* **Information shown**:
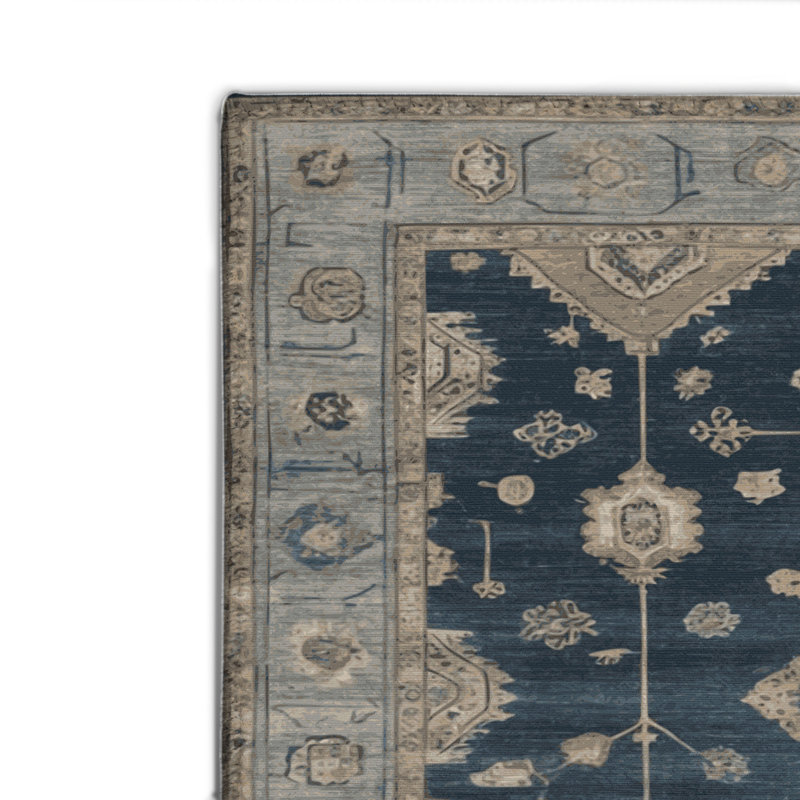 Tapis gris intérieur et extérieur surteint, Rectangulaire 2 pi x 3 pi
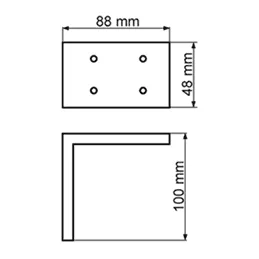 Nogica za namještaj DIVANI / aluminij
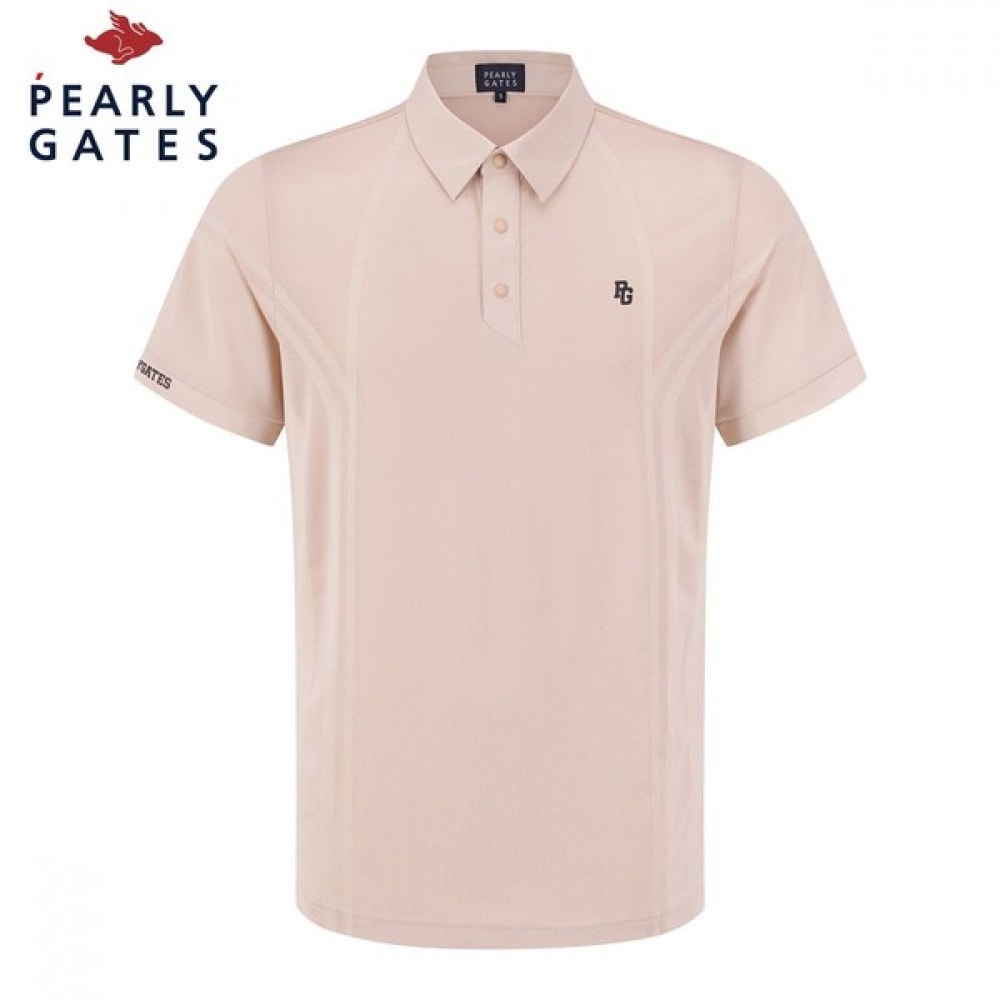 (Paris Gates) メンズロゴメッシュミックスカラー半袖Tシャツ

* **Work to be completed**: The pictures in the data should be omitted, and every remaining line set down exactly.

* **Result for this task**:
 Tapis gris intérieur et extérieur surteint, Rectangulaire 2 pi x 3 pi
 Nogica za namještaj DIVANI / aluminij
 (Paris Gates) メンズロゴメッシュミックスカラー半袖Tシャツ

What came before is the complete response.